Greenland is an autonomous country within the Kingdom of Denmark, located between the Arctic and Atlantic Oceans, east of the Canadian Arctic Archipelago. Though physio-graphically a part of the continent of North America, Greenland has been ethnically, politically and culturally associated with Europe (specifically Norway and Denmark, the colonial powers, as well as the nearby island of Iceland) for more than a millennium. In 2008, the people of Greenland passed a referendum supporting greater autonomy; 75% of votes cast were in favor.
Greenland is the world’s largest island, over three-quarters of which is covered by the only contemporary ice sheet outside of Antarctica. With a population of about 56,370 (2013), it is the least densely populated country in the world.
Greenland has been inhabited off and on for at least the last 4,500 years by Arctic peoples whose forebears migrated there from what is now Canada. Norsemen settled the uninhabited southern part of Greenland, beginning in the 10th century, and Inuit peoples arrived in the 13th century. The Norse colonies disappeared in the late 15th century. In the early 18th century, Scandinavia and Greenland came back into contact with each other, and Denmark established sovereignty over the island.

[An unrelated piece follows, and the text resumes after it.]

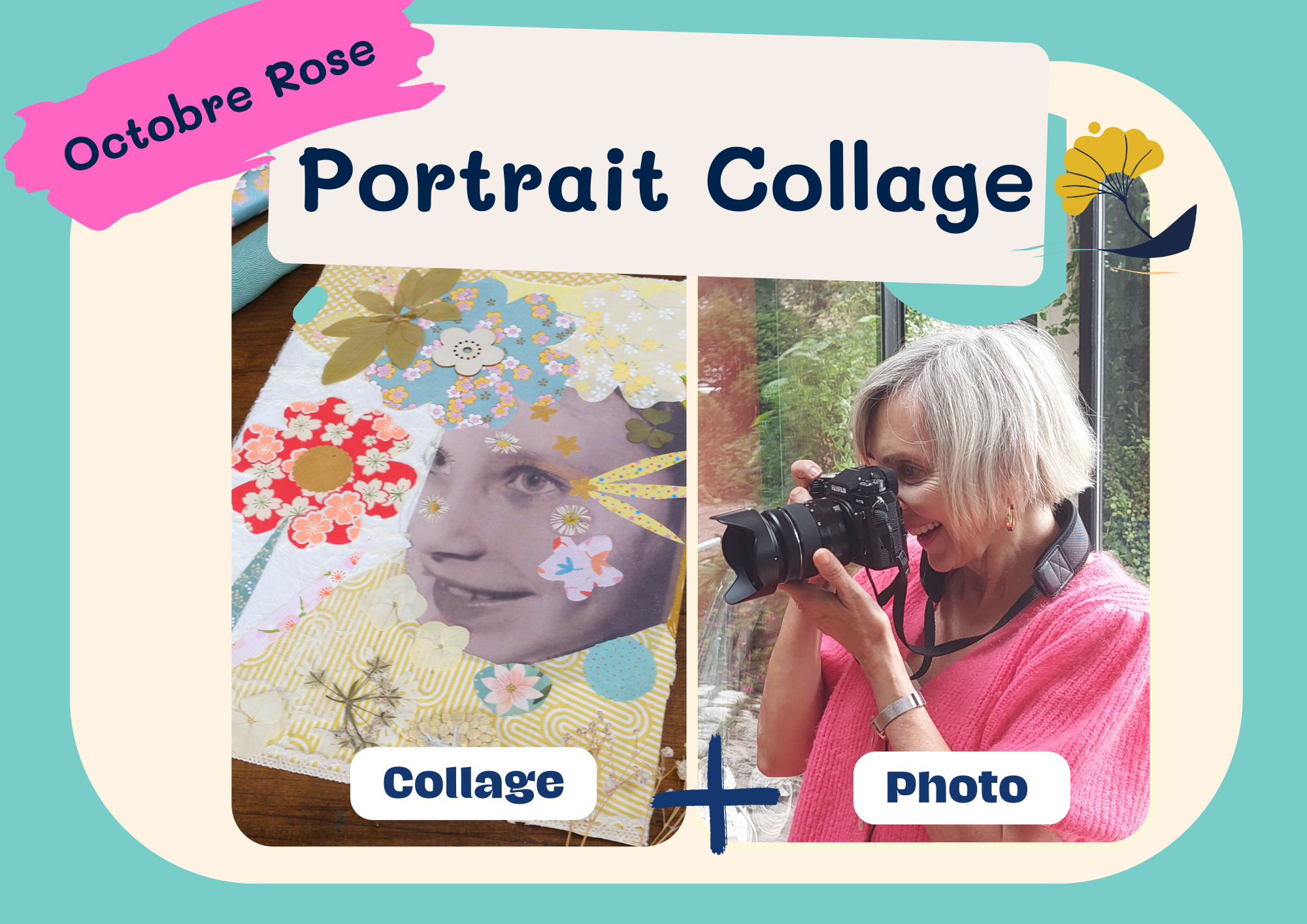 DECOUVERTE / PORTRAIT COLLAGE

Having been claimed by Denmark–Norway for centuries, Greenland became a Danish colony in 1814, and a part of the Danish Realm in 1953 under the Constitution of Denmark. In 1973, Greenland joined the European Economic Community with Denmark. However, in a referendum in 1982, a majority of the population voted for Greenland to withdraw from the EEC (later expanded into the E.U.), which was effected in 1985. In 1979, Denmark had granted home rule to Greenland, and in 2008, Greenlanders voted in favor of the Self-Government Act, which transferred more power from the Danish royal government to the local Greenlandic government.

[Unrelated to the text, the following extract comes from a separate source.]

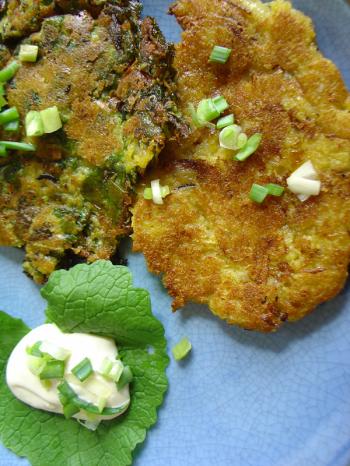 Pomtajer Hungry Gap latkes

Under the new structure, in effect since 21 June 2009, Greenland can gradually assume responsibility for policing, judicial system, company law, accounting, and auditing; mineral resource activities; aviation; law of legal capacity, family law and succession law; aliens and border controls; the working environment; and financial regulation and supervision, while the Danish government retains control of foreign affairs and defense. It also retains control of monetary policy, providing an initial annual subsidy of DKK 3.4 billion, planned to diminish gradually over time as Greenland’s economy is strengthened by increased income from the extraction of natural resources.